- [PROBLEM DESCRIPTION] Please, without any pictures, set down exactly the part of the listing below that opens with the line containing "2021 KIA SONET" and closes with the line containing "英国アンティーク調のおしゃれなスイッチカバー、真鍮製のコンセント".

TASK MATERIAL below:

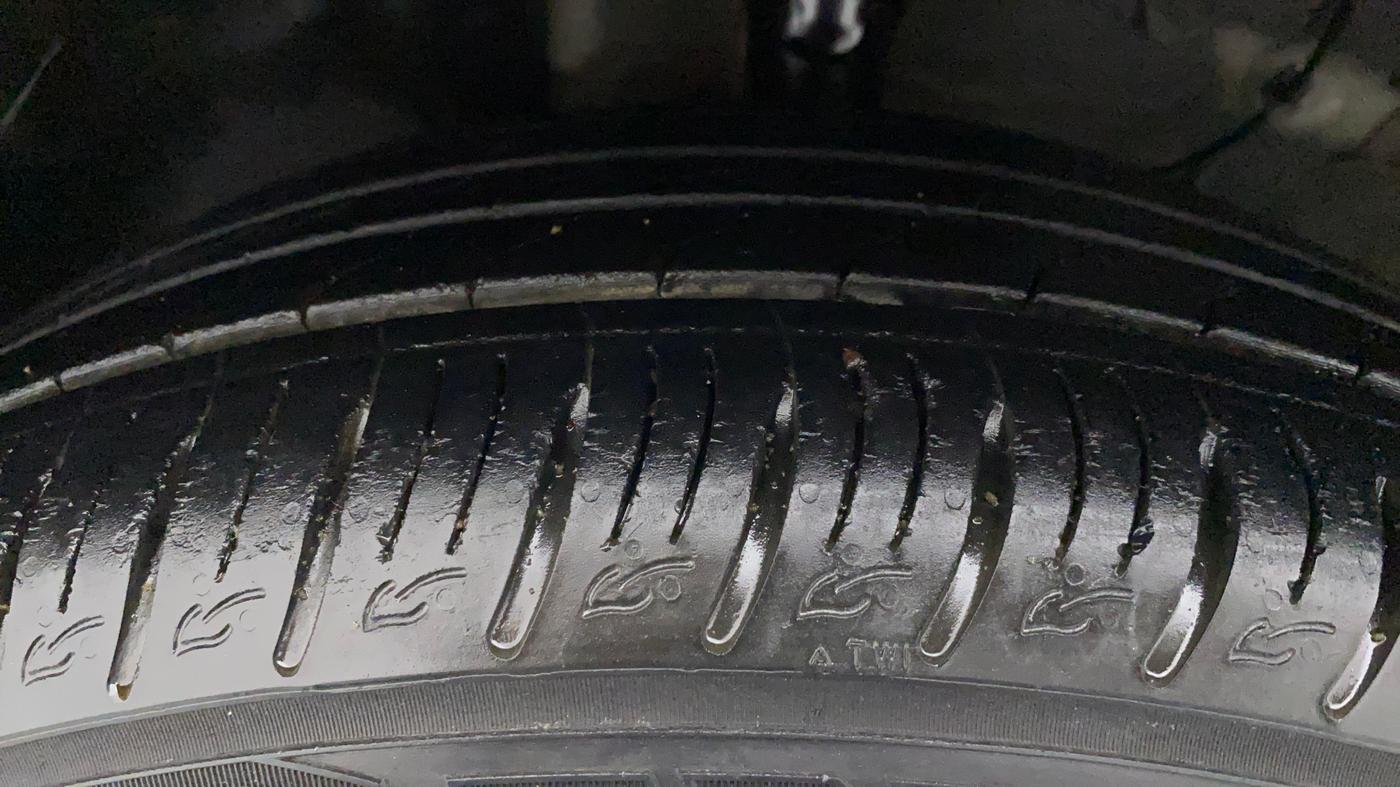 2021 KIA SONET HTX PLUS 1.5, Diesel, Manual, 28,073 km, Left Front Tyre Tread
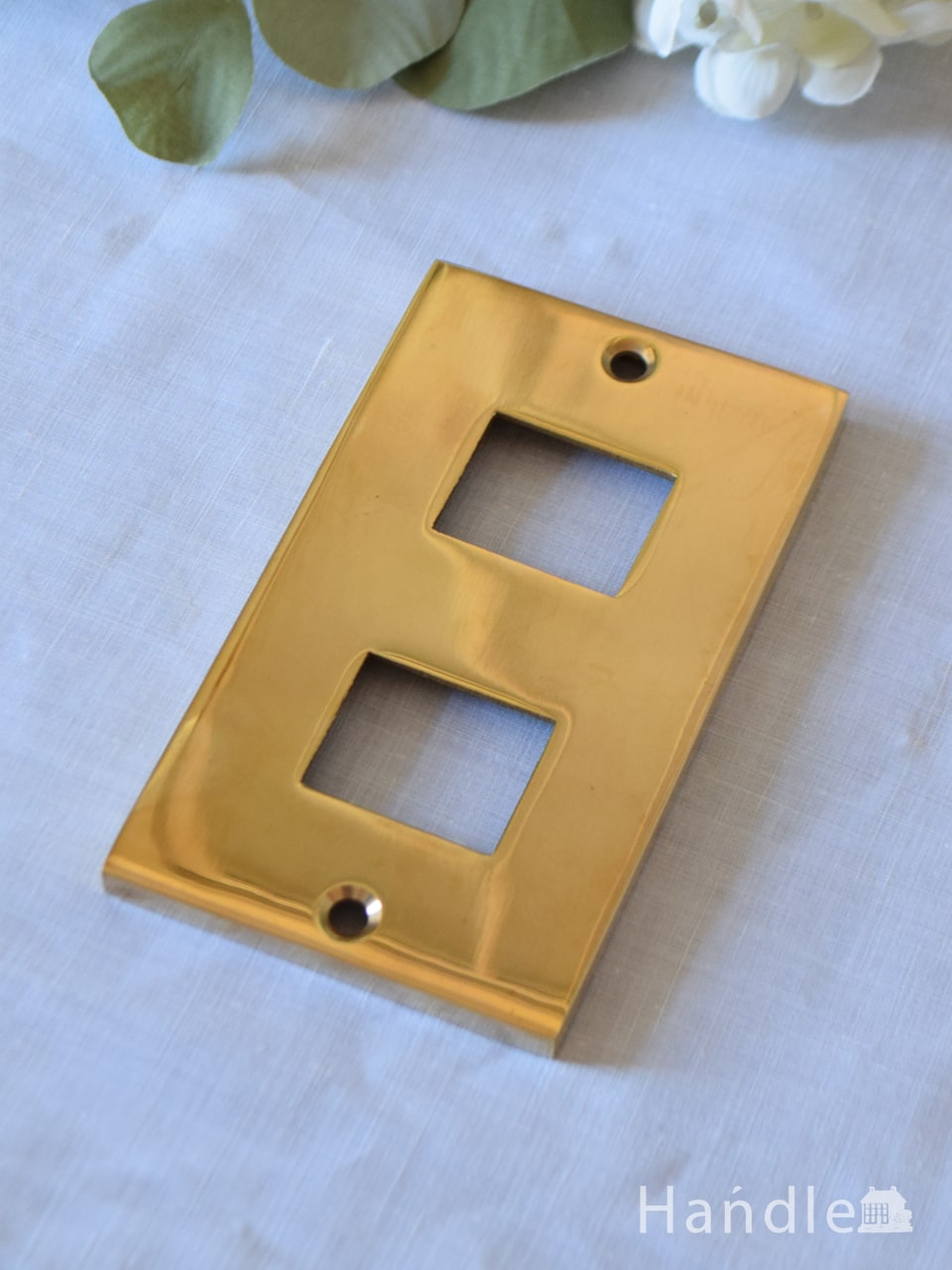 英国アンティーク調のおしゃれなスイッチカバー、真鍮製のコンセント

End of TASK MATERIAL.
TASK MATERIAL below:

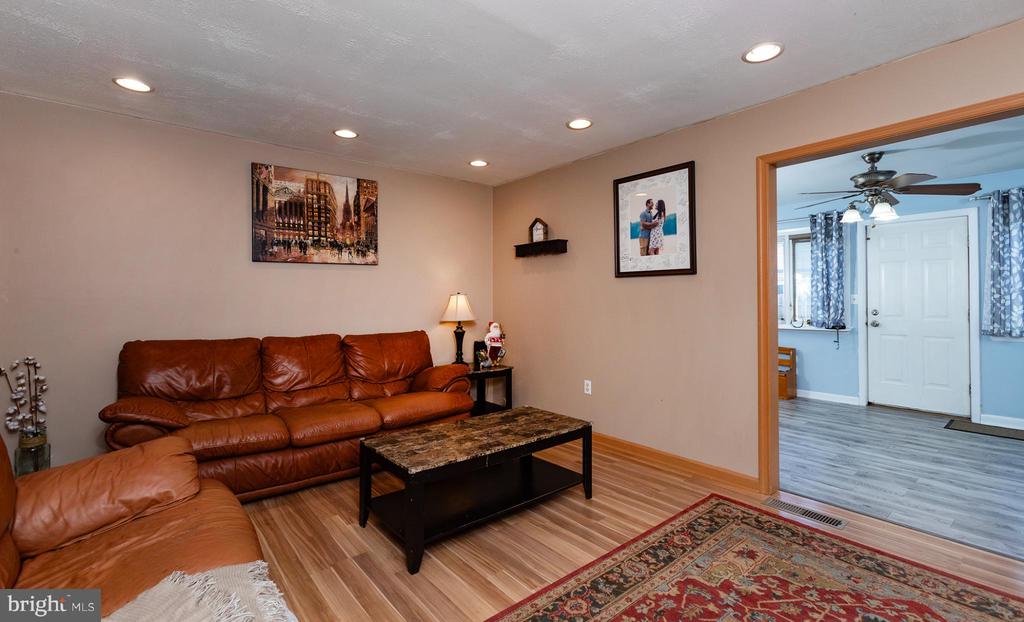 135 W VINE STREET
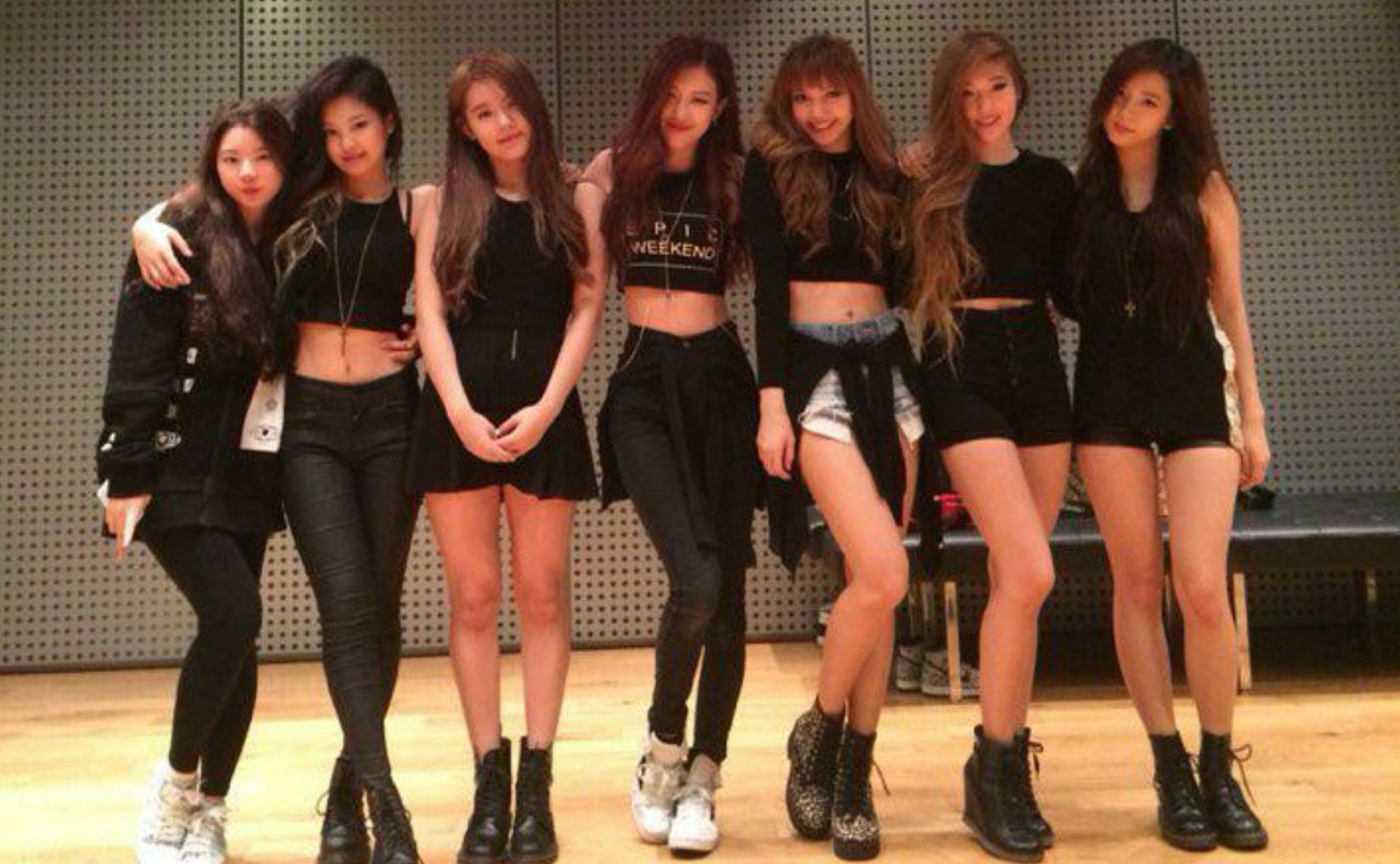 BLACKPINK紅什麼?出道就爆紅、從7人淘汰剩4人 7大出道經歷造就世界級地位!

End of TASK MATERIAL.

- [EXPECTED OUTPUT]
 2021 KIA SONET HTX PLUS 1.5, Diesel, Manual, 28,073 km, Left Front Tyre Tread
 英国アンティーク調のおしゃれなスイッチカバー、真鍮製のコンセント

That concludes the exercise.